La crise climatique nous fait entrer dans une époque nouvelle que les concepts des Lumières peinent à appréhender, alors qu’il convient de refaire société avec la Terre, estiment l’anthropologue Philippe Descola et le philosophe Baptiste Morizot, dans un entretien au « Monde ». Dialogue entre deux explorateurs engagés.

Professeur émérite au Collège de France, Philippe Descola est un anthropologue qui a converti toute une génération de chercheurs à penser « par-delà nature et culture ». Maître de conférences à l’université Aix-Marseille, Baptiste Morizot est un philosophe qui explore nos « manières d’être vivant ». Tous deux sont des intellectuels de terrain : en Amazonie parmi les Achuar, une tribu jivaro, pour Philippe Descola ; sur la piste animale, mais aussi dans les fermes réensauvagées ou en agroforesterie, pour Baptiste Morizot.

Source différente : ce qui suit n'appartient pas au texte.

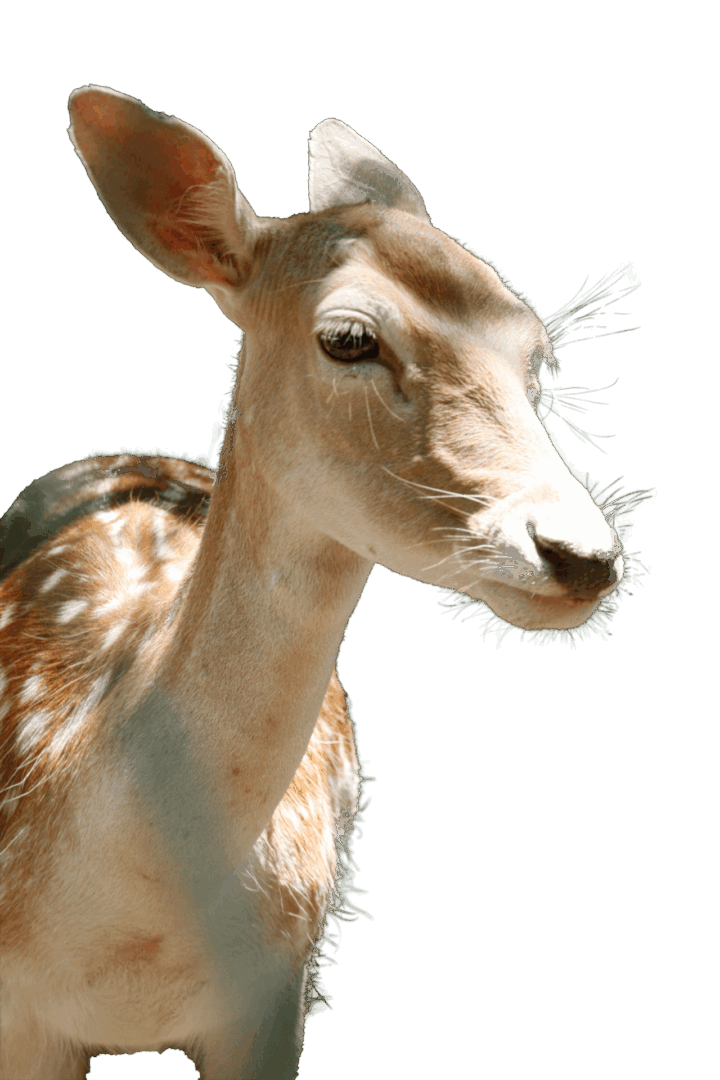 Close-up of a white deer with a calm expression.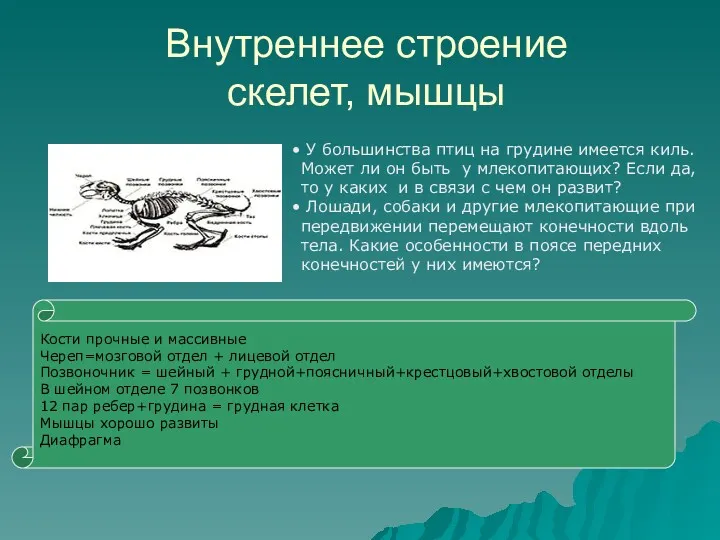 Внутреннее строение скелет, мышцы У большинства птиц на грудине имеется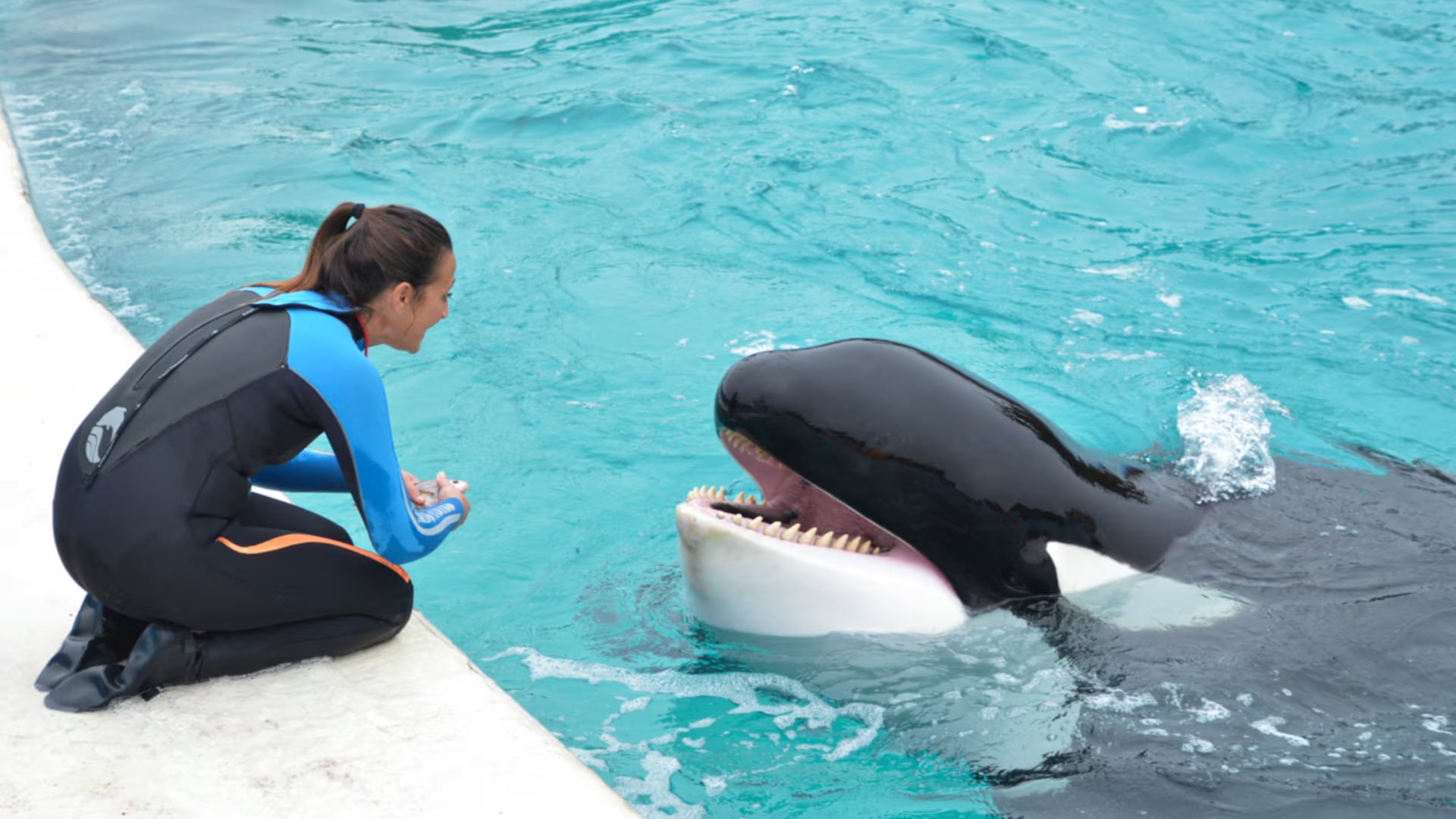 La orca Kshamenk murió a los 36 años en un parque argentino. Vivió sola desde el 2000 y fue símbolo del debate sobre cautiverio animal.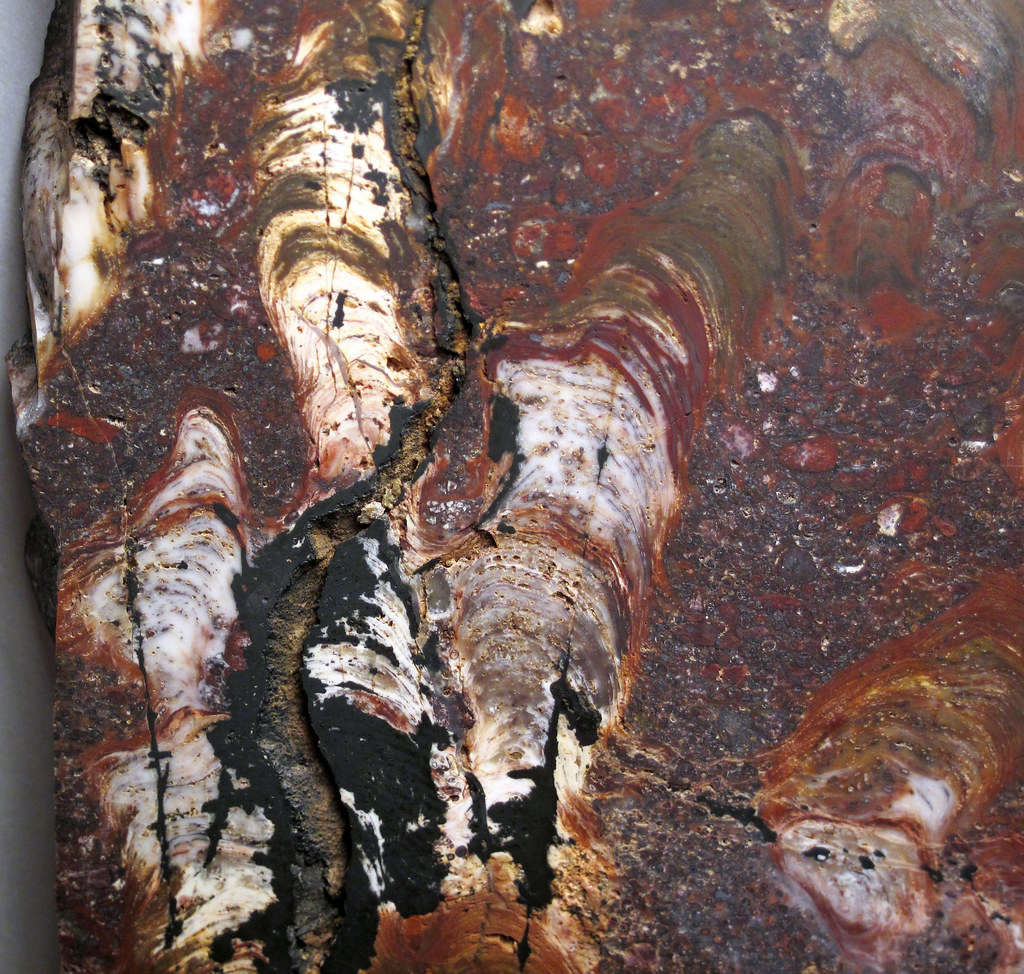 Silicified stromatolite boundstone with oolites & sinuous … | Flickr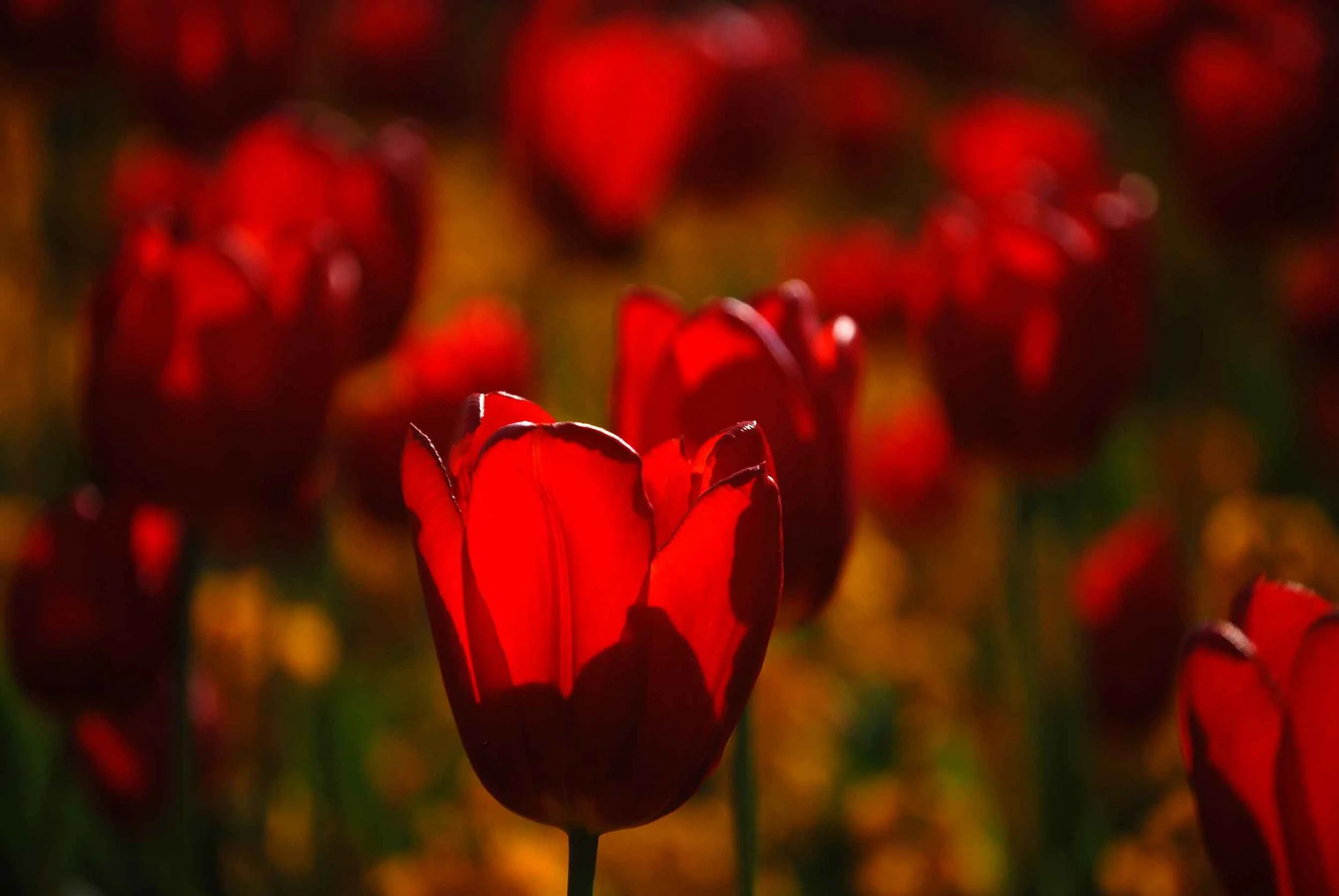 redtulips.jpg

Tous deux, qui participent à l’ouvrage collectif On ne dissout pas un soulèvement. Quarante voix pour Les Soulèvements de la Terre (Seuil, 192 pages, 11,50 euros), ont conscience que nous avons changé d’ère et qu’il convient de « bifurquer »afin de maintenir les conditions d’habitabilité de la planète. Philippe Descola, qui a récemment consacré un séminaire, à l’université de Berkeley (Californie), à l’élaboration d’une nouvelle « cosmopolitique », et Baptiste Morizot, qui vient de publier L’Inexploré (Wildproject, 432 pages, 26 euros), s’entretiennent ici, dans un dialogue philosophique, sur les enjeux écologiques.

Dans quel nouveau monde nous fait entrer la crise écologique ? Et dans quelle mesure bouleverse-t-il nos anciens cadres de pensée ?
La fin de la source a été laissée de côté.